Sanjaya, Ridwan dan Wibhowo, Christine. 2011. “menyiasati Tren Digital PADA Anak Dan
Remaja.”

Sarnon, N et al. 2012. “Hamil Luar Nikah: Memahami Remaja Sebagai Asas Intervensi Keluarga.”
Jurnal Ilmu Sosial dan Humaniora 7 (1): 121-30.

Saul Butler, Ribka, Danene Sorace, dan Kathleen Hentz Beach. 2018. “Melembagakan Seks
Pendidikan di Beragam Sekolah Distrik AS.” Journal of Adolescent Health 62 (2): 149-56.
https://doi.org/10.1016/j.jadohealth.2017.08.025.

Schmidt, Sara C. 2015. “SCHOOL BERBASIS SEKSUALITAS PENDIDIKAN, GENDER, DAN


ANALISIS HUBUNGAN A dimoderatori-MEDIASI PERILAKU SEKSUAL DALAM PERTAMA TAHUN KULIAH MAHASISWA.”

Shakeshaft, Charol. 2003. “Educator Pelecehan Seksual.” Hofstra Horizons: 10-13. http: // www-
cloud2.hofstra.edu/pdf/about/administration/provost/hofhrz/hofhrz_s03_shakeshaft.pdf.

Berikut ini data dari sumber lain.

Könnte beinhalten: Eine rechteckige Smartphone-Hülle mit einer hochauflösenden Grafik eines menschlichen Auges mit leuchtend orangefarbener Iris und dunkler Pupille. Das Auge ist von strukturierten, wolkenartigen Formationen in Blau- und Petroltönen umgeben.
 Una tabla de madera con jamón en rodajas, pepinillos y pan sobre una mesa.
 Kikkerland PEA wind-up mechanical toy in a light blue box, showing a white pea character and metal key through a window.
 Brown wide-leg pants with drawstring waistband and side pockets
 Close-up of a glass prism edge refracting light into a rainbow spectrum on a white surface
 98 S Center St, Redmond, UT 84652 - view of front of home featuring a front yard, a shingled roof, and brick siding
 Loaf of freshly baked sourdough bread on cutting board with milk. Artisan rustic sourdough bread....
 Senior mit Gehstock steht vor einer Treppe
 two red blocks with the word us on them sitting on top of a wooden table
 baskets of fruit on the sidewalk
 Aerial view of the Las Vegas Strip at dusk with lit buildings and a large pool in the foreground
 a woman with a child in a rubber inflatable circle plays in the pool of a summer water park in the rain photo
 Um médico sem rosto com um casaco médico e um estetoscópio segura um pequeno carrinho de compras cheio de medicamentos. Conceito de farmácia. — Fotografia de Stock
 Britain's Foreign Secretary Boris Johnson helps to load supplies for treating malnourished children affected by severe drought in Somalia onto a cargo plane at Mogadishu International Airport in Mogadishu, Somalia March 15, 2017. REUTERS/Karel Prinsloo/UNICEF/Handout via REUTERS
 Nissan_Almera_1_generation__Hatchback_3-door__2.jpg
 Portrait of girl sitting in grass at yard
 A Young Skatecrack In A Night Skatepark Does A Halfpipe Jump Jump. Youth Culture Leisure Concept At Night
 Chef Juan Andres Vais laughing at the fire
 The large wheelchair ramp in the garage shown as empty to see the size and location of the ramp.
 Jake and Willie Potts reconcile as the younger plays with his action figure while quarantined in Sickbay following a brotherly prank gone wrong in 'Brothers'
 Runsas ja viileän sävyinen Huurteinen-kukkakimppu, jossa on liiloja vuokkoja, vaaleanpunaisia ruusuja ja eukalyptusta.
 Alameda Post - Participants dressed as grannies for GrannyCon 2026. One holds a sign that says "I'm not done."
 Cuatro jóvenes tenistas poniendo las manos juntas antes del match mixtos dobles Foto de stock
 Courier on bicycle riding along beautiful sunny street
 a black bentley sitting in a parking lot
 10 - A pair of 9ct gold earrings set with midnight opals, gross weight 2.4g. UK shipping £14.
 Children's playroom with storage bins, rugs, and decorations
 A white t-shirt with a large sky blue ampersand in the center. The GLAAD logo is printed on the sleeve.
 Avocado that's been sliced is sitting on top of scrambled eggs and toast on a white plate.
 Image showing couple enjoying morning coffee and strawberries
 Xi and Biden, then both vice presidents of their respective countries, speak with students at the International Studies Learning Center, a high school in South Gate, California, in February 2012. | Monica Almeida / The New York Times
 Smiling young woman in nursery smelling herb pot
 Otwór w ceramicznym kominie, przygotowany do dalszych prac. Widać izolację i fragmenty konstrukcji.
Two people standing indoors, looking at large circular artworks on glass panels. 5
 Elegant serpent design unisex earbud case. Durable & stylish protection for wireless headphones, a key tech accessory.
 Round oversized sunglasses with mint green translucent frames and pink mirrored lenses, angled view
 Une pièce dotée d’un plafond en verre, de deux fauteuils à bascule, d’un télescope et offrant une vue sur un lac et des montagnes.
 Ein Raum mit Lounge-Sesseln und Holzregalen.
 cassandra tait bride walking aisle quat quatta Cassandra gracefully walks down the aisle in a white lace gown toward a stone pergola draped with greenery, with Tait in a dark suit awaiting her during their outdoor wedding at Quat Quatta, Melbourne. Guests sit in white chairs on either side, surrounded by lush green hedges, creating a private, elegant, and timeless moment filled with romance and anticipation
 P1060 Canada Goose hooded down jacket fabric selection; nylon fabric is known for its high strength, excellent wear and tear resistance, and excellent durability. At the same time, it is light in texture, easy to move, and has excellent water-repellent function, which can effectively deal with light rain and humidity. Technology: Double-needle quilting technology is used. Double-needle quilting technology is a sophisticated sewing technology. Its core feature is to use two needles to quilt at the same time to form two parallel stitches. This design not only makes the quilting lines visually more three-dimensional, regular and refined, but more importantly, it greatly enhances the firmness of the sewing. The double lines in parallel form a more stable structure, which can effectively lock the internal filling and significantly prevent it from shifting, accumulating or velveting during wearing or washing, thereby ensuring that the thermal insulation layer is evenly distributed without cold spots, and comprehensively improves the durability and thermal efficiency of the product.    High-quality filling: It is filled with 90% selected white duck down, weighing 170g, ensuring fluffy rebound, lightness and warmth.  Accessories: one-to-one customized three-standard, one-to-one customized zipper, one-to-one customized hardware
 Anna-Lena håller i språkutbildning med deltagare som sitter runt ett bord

Lagu, Yu. 2015. “The Seksualitas Pendidikan dan Sikap Mahasiswa di China.” 115 (1): 93-
104.

Suteja, Jaja. 2017. “MODEL KOMUNIKASI PENDIDIKAN SEKS Islami.” 8 (1): 110-20.

Thammaraksa, Pimrat, Arpaporn Powwattana, Yanti Lagampan, dan Weena Thaingtham. 2014.
“Membantu Guru Perilaku Seks Pendidikan di Sekolah Menengah di Thailand. Mengatasi Hambatan budaya Peka terhadap
Pendidikan Seks” Penelitian Keperawatan Asia 8 (2): 99-104. http://dx.doi.org/10.1016/j.anr.2014.04.001.

Troiden, Richard R. 2019. “Berjalan Line •: Risiko Pribadi dan Profesional Sex
Pendidikan “15 (3):. 241-49.

Tsani, Rifqa, Qurrota Ayyun, dan Elly Malihah. 2018. “Pornografi PADA Anak Usia Sekolah Dasar.”
8 (2): 527-31.

Yustisia, Nuzula. 2008. “© 2008 Perpustakaan Digital UIN Sunan Kalijaga Yogyakarta.”: 102.